Era una mañana de domingo. En viale di Trastevere estaba el mercado de Porta Portese. Era un lugar ruidoso, alegre. Se reunía allí mucha gente, dispuesta a vender cualquier cosa. Los domingos por la mañana, en Roma, todo está en venta. Los objetos más diversos se acumulan, para ser descubiertos. Había antigüedades, libros, postales, ropa, instrumentos de música, cajas llenas de secretos, cartas perdidas, álbumes de fotografías. Matilde sonreía al adivinar el entusiasmo de Dana. Le aseguraba:
—En este mercado puedes llevarte muchas sorpresas. Roma vende el mundo a aquellos que la visitan.
—Ya lo veo. ¿Sabes que me encantan las antigüedades?
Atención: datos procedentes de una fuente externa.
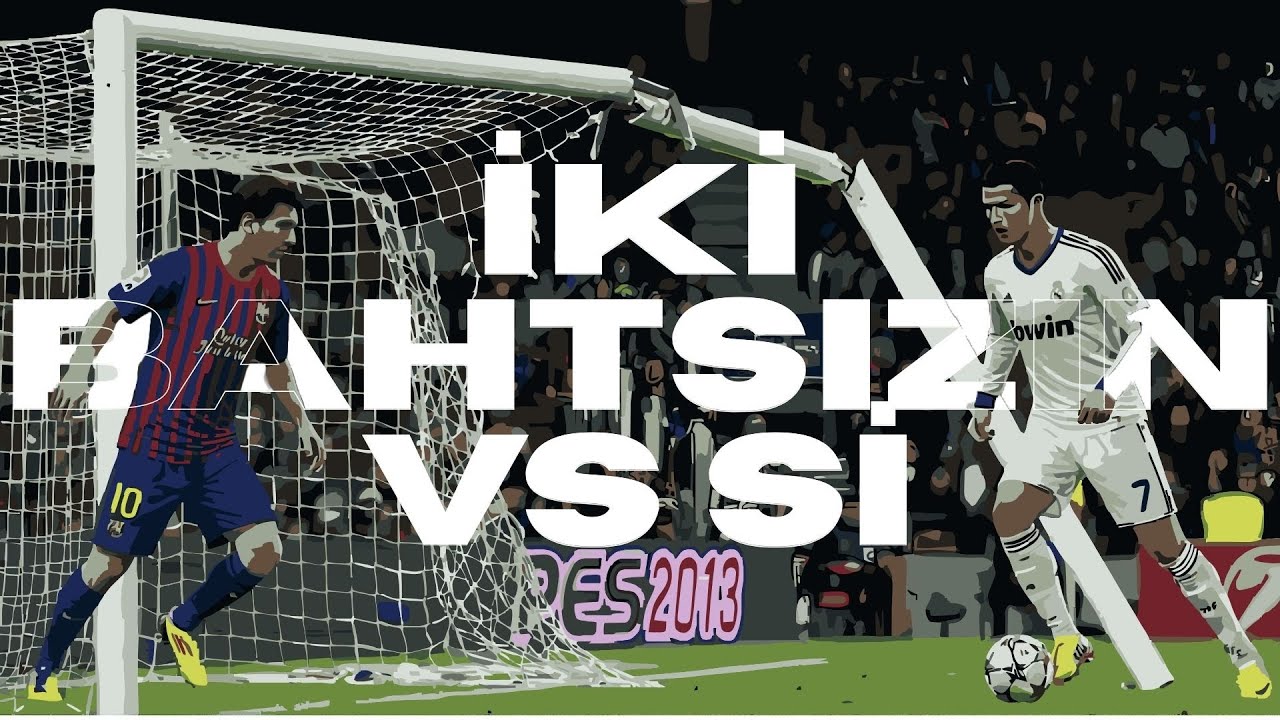 İKİ BAHTSIZIN VS'Sİ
Los objetos que vienen de lejos, que tienen historia…
—Aquí hay muchas historias. No imaginas lo que puedes llegar a encontrar.
—¿Como qué? —La observaba con la expresión fascinada de una niña.
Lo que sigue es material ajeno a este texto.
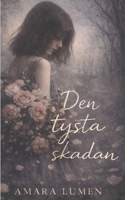 Den Tysta Skadan (Swedish Edition) 9199092298 Book Cover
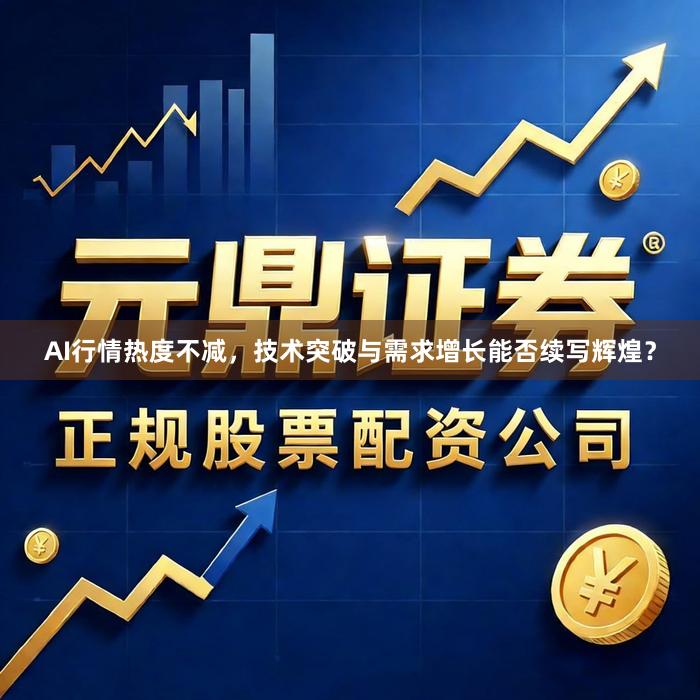 AI行情热度不减，技术突破与需求增长能否续写辉煌？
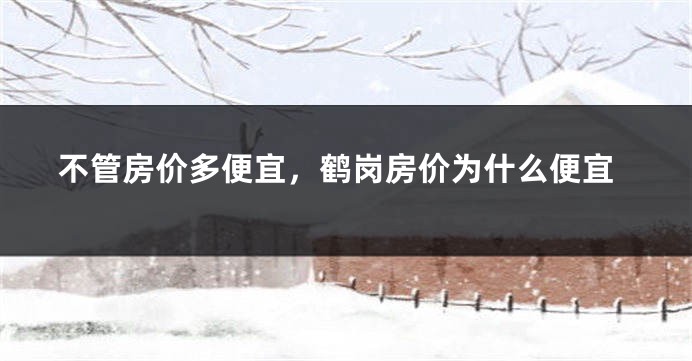 不管房价多便宜，鹤岗房价为什么便宜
—Un violín que suena sin cuerdas. Un brazalete de esmeraldas. Una caja de cartón que nadie puede abrir porque oculta los secretos de una antigua familia.
—¿Todo eso? —Sonreía.
—No sólo eso. Una cosa es comprar; la otra cosa es vender.
—¿Qué quieres decir?
—En este mercado puedes montar un tenderete y vender lo que te sobra.
—¿Yo? —Volvió a sonreír—. ¿Y qué me sobra?
—Te sobra la tristeza.
—Nadie quiere tristeza. —Desapareció la sonrisa—. Nunca tiene compradores.
—Sí los tiene. Sólo hace falta tener paciencia. Al final, siempre se la lleva el viento.
Gabriele era anticuario. Había aprendido el oficio como quien hereda una tradición que viene de muy lejos. Se sentía orgulloso de aquella tarea que habían llevado a cabo generaciones de su familia. Estaba satisfecho de haber acrecentado el negocio, de haberlo mejorado con experiencia y ganas de aprender. Estudió historia del arte en Roma. Después, dedicó un tiempo a viajar por el mundo: quería perderse por las salas de los grandes museos de Europa. Embobado delante de los cuadros de los maestros, descubrió la pasión por la pintura, aprendió a ser humilde ante la belleza, respetuoso frente a la genialidad, prudente a la hora de emitir juicios. Se aficionó a recorrer tiendas en las que vendían muebles, esculturas, cerámicas rescatadas del olvido. Cuando llegaba a un lugar que no conocía, preguntaba dónde estaba el barrio de los anticuarios. Iba a visitarlo con una sensación que era una mezcla de curiosidad y de entusiasmo. Cualquier descubrimiento le llenaba de una alegría desbordante. Nunca se cansaba de buscar. Entre todas las piezas, siempre había alguna que le robaba el corazón. Un corazón que era exigente, que no actuaba por impulsos inesperados, sino que se dejaba llevar por la prudencia.